Что касается «человечества», то говорит о нем как о консолидированном социальном образовании, способном совершать какие-либо действия в качестве единого субъекта, в то время не было ни малейших оснований. Это – чисто патетический прием. (Собственно, и сегодня, несмотря на существование ООН и активные разговоры о глобализации, весьма сомнительно существование такого субъекта). Но идея правомерного вторжения на иностранную территорию в указанных целях прозвучала четко. А именно - идея «гуманитарной интервенции». Хотя и в другой формуле, точнее сказать – в доктринальном изложении существа идеи[2]. Причем с очевидным (подразумеваемым) отрицанием абсолютной незыблемости внутренних дел государства в их географическом понимании. (Это следует взять на заметку в наших спорах о содержании принципа невмешательства во внутренние дела государства).

Сегодня концепция «гуманитарной интервенции» (Гуго Гроция также следует занести в список ее основателей) в силу известных причин пользуется большим вниманием. В нее вкладывают военное, экономическое, культурное и иное содержание[3].

Автор настоящей статьи сосредоточил свое внимание на военном варианте данной концепции, полагая, что она (в современном формате) подготовлена, кроме прочего, рядом других «силовых» концепций: превентивных миротворческих операций ПМО), условий правомерного применения силы, принуждения к миру, операций по поддержанию мира и т.п. Известной «Концепции принуждения к миру», которая усилила «Повестку дня для мира»[4] мы при этом придаем особое значение, применяя термин «принуждение к миру» в трех значениях. В узком значении это будет относиться к ситуации международного вооруженного конфликта. В расширенном смысле он предполагает охват также ситуация немеждународного вооруженного конфликта. Наконец, в широком смысле этот термин можно применять к ситуации геноцида в государстве, когда мир в регионе с очевидностью нарушен в результате вооруженных столкновений сторон, не намеренных решать ситуацию мирным путем[5].

Все это происходило (и происходит) в обстановке практически непрерывного применения силы (внешней – в том числе), сопровождаемого таким же непрерывным повторением политиками и многими юристами того, что, якобы, существует принцип неприменения силы.

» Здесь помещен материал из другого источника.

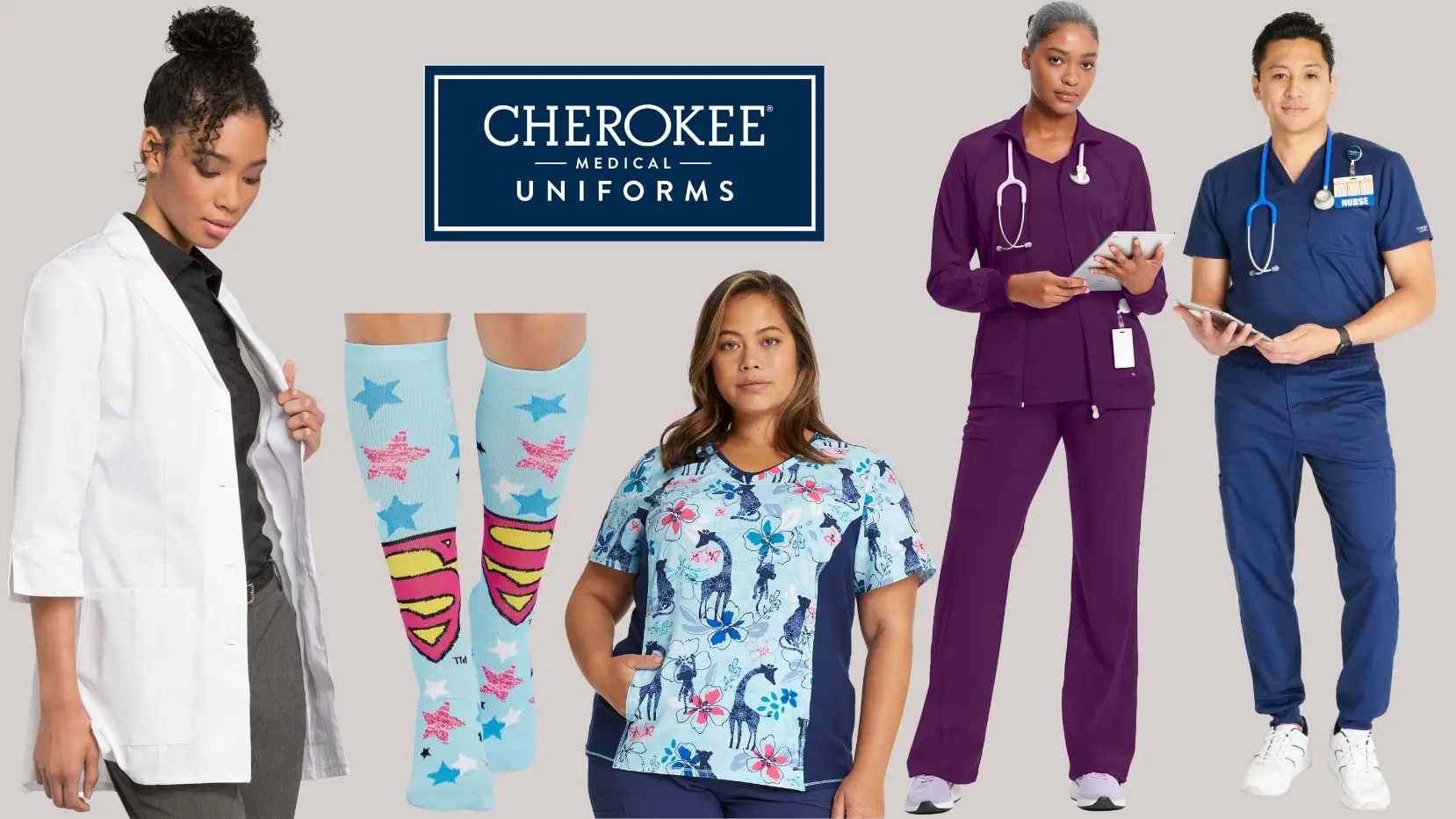 Four healthcare professionals showcasing some of the available Cherokee Medical products at Scrub Pro Uniforms on a light grey background.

Следует, прежде всего, отметить, что многие (а при определенной точке зрения – и все) случаи применения силы по решению СБ ООН (другие случаи упомянем далее), несмотря на название, претендуют на «гуманитарное начало» или в действительности содержат его. Это можно сказать и об операциях на Ближнем Востоке и в Конго (вопрос о сомнительной правомерности последних рассматривался в Международном суде ООН), и в отношении Гаити (в последнем случае резолюция СБ ООН 940 от 31 июля 1994 уполномочила государства формировать многонациональные войска и использовать все необходимые меры для отбытия из Гаити военного руководства. (Т.е. «гуманитарное вмешательство» во внутренние дела государства). В таком же аспекте возможно расценивать и решения СБ ООН относительно Сербии и Черногории в 1991 и 1992 годах, когда формально миротворческие (гуманитарные по своей сути) действия ЕС и ООН способствовали чрезвычайному обострению ситуации, вплоть до этнических чисток[6].

Любые акции подобного рода со стороны ООН (и региональных организаций безопасности) нередко именуют миротворчеством. Но миротворчество миротворчеству в таком случае – рознь. Один его вид «военного принуждения к миру» ограничен действиями, которые исключает применение силы против одной из сторон с целью заставить прекратить враждебные действия. Иначе говоря, призван создавать «буферную зону» и попутно убеждать конфликтующие стороны «прекратить вражду и вести переговоры о мирном разрешении споров».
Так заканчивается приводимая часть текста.